Saturday 22 August 2009

Broad shoulders the burden


To English fans it felt longer, a lot longer but it was in fact only a six year period that separated Ian Botham’s last Test match appearance in 1992 from Andrew Flintoff’s first. The holy grail for a cricket team is to be able to include an all-rounder capable of deciding a game with either bat or ball. Alongside Jacques Kallis and the unconventionally brilliant Adam Gilchrist it was Flintoff that completed the triumvirate of the next generation to follow Botham, Imran Khan, Kapil Dev and Richard Hadlee. Whilst all England fretted over the end of the talismanic Flintoff’s career they did not expect Friday at the Oval to confirm the growth from fawn to stag of Stuart Broad. Whisper it quietly no longer; he is the complete package.

It’s easy to criticise an English cricketer and many have criticised Broad for his propensity to deliver four-balls and a lack of wickets. However, he is a young intelligent cricketer who works hard at his game. He bats classically, he fields athletically and now he has started to bowl accurately and with cunning. It was a hard apprenticeship served running in on flat pitches in India and the West Indies for little reward. However, when England has needed a hero to produce a career-defining performance at the death it was Broad that stepped up to deliver a spell of bowling of 5-37 that left England shocked and Australia pole-axed.

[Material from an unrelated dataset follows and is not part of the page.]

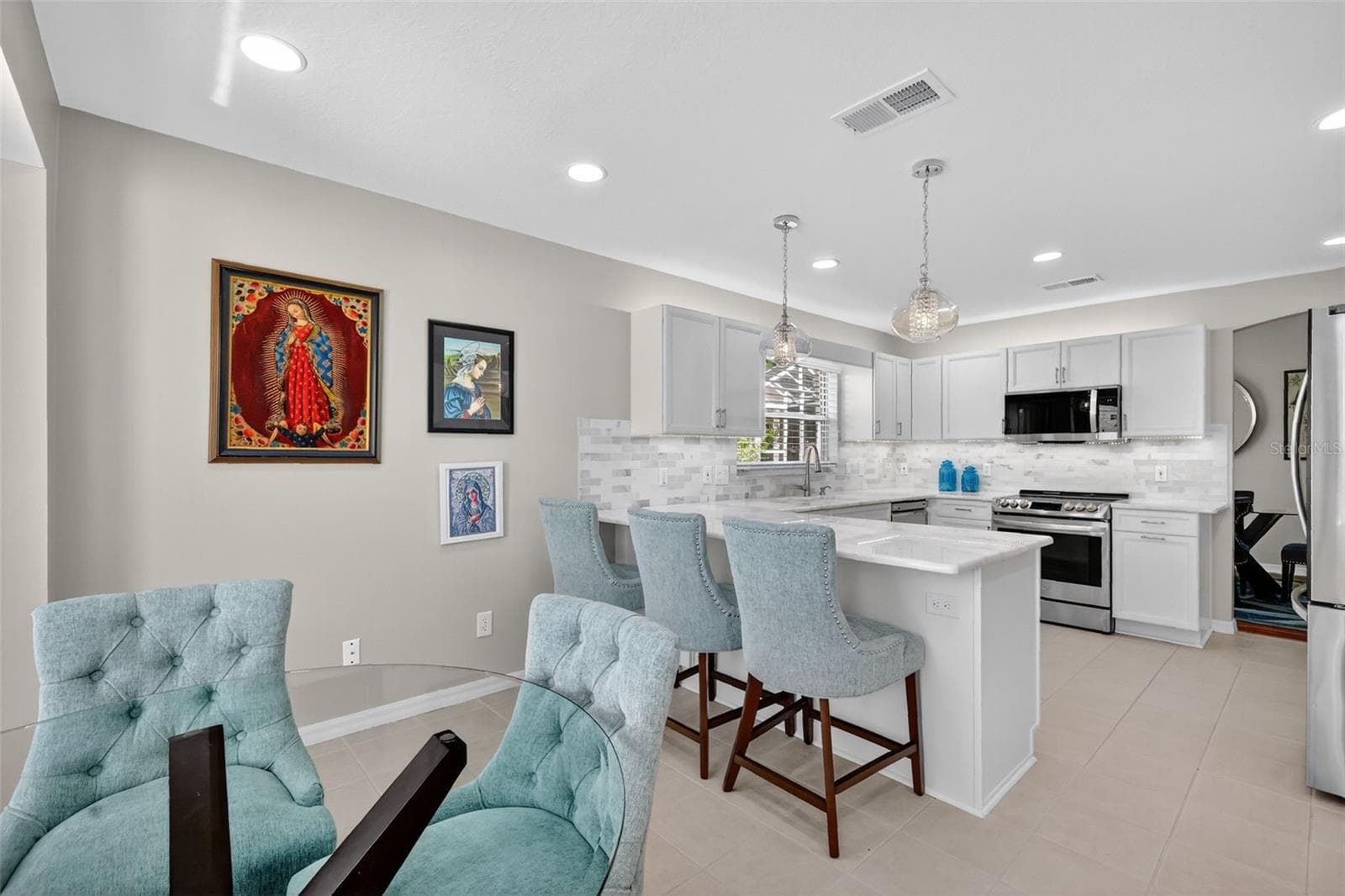Kitchen and Dinette - 1201 BARCELONA DR, THE VILLAGES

For almost the first time in his Test career Broad performed the accurate impersonation of Glenn McGrath that supporters have been calling for. It has been ignored that at the age of 23 Broad is playing his 21st Test; at the same age McGrath was yet to make his debut for Australia. Too much too soon is expected of talented young players thrown in to the crucibles of Test cricket and the media spotlight. Give Broad a chance to spread his wings and grow in to his art as a bowler. Then he will feel equipped to shoulder the burden of the attack as McGrath once did for 13 distinguished years.

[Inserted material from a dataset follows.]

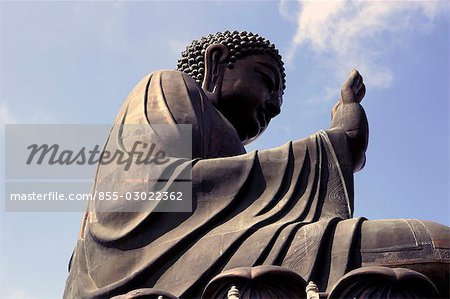 Giant Buddha statue,Po Lin Monastery,Lantau Island,Hong Kong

The Oval pitch has come in for criticism as being a ‘result pitch’. This is no bad thing yet it has not been doctored to favour England. Yes, England won the toss and made first use of the strip – it could have been Australia that won the toss and elected to bat. Yes, England picked a front-line spinner to take advantage of the turn and bounce that the Oval offers – Australia could have done likewise. The 23 wickets that have fallen in two days have owed more to poor umpiring decisions, disciplined bowling and poor batting than demons in the pitch.

A lead of 230 runs with 7 wickets in hand places England firmly in the driving seat at the end of day two but the Ashes aren’t regained yet. As the twists and turns in this series have made many cricket writers sound less knowledgeable than even Kerry Katona on a daytime television show your correspondent will not be making any predictions. Suffice to say that it’s not the first but the twentieth wicket that is the hardest to take and the Australians will fight until the end.